The proverbial backbone: having the courage to speak and listen openly to others
Tomorrow morning Grace and I are leaving at the crack of dawn (she doesn’t know this yet) and drive two hours west. We’re going to meet a dog chiropractor and have her evaluate Grace.
Mind you, I’m not even sure what, if anything is wrong with Grace. I know most people would (and will) think this is excessive. Some people don’t even go to their family doc on a regular basis—much less take their dog to a chiropractor who lives two states away. At least most dog owners I know.
It was the recommendation of someone who I really trust that moved me to action. Someone who has a wealth of knowledge and experience with dogs, and she felt there was something physical going on with Grace when she saw her.
When I tell people, I get a mixture of responses. Some are supportive and encouraging. Before I even scheduled the appointment, I asked my husband if he thought I was crazy for pursuing this. He said he didn’t, but he wants to make sure that we have some realistic plan of action around it.
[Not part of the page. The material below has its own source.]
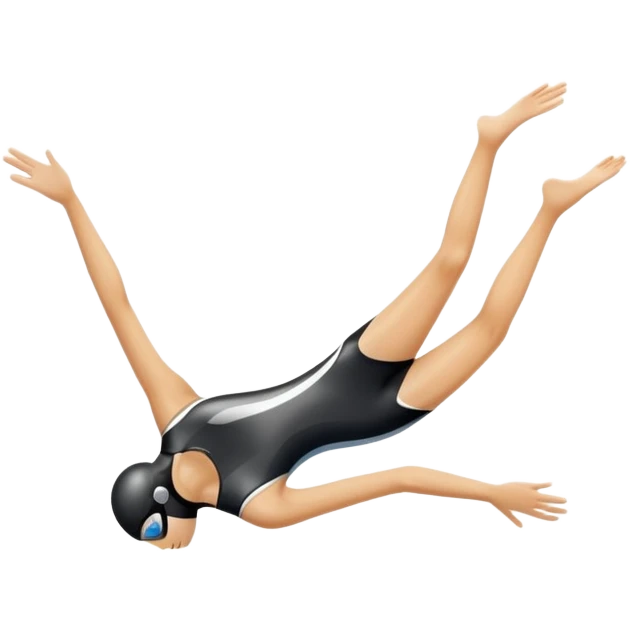 An icon showing a diver captured mid-air in a graceful pose above a pool, with a diving board behind and water below. Splash trails and motion lines emphasize precision and elegance. Transparent background highlights the beauty and focus of competitive diving. emoji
But most of the responses have been similar. There is a quiet pause, as if to collect their thoughts on how to respond tactfully about something that think is a little (maybe a lot!) ‘out-there.’ “Oh, how interesting….”
It reminds me how people in the workplace stop or soften their actions because they others may snicker at them. Voicing an opinion or taking action that others might not see in a similar light can be difficult. And even for those who have no problem making a tough decision and sticking by it, it still takes energy and resolve to move forward even with subtle resistance.
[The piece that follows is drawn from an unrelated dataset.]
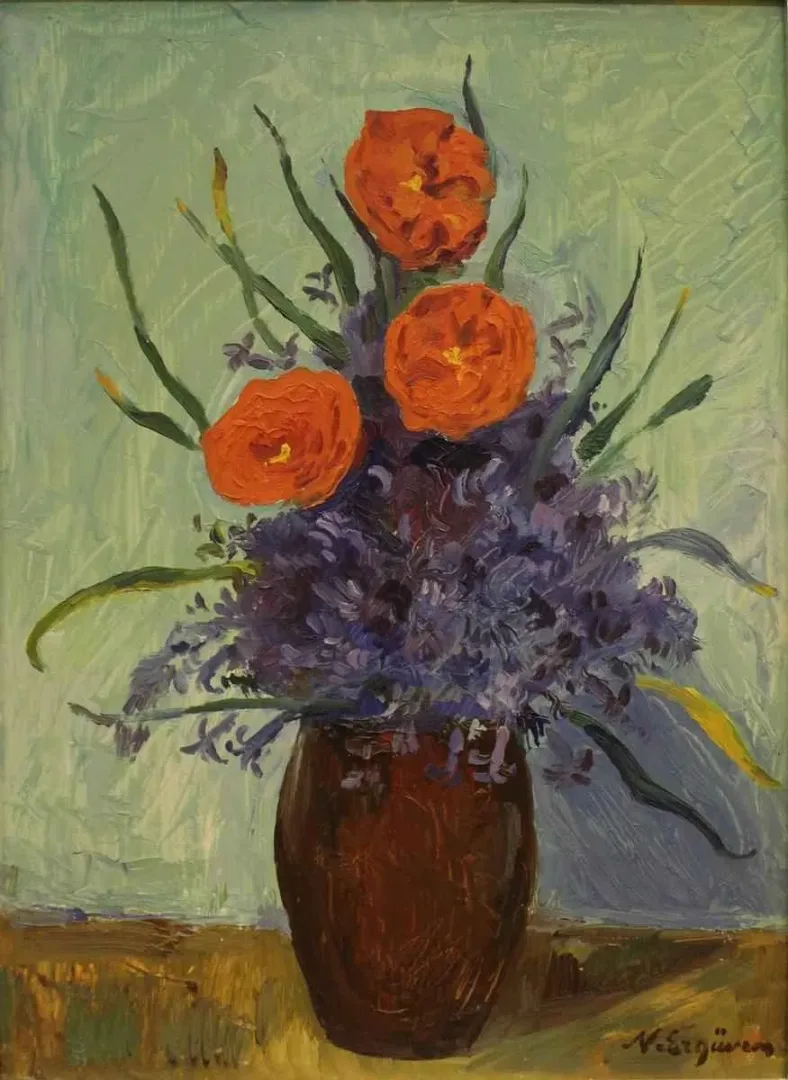 yakınlaştır "isimsiz" eseri NURETTİN ERGÜVEN tarafından 46x34 cm ölçülerinde Duralit üzeri yağlı boya tekniği ile yapılmıştır.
All of us need to be able to voice our opinion, whether we agree with something or not. I’m not suggesting that anyone sugar-coat a response just to go along. I think it’s so important that you offer your honest belief, voiced in a respectful way. Having all the data points helps you make a better decision.
I’m really quite excited to have this experience with Grace tomorrow. I’m looking forward to learning something more about Grace and hopefully discover ways I can help her. When I report back, I hope you tell me what you really think about it.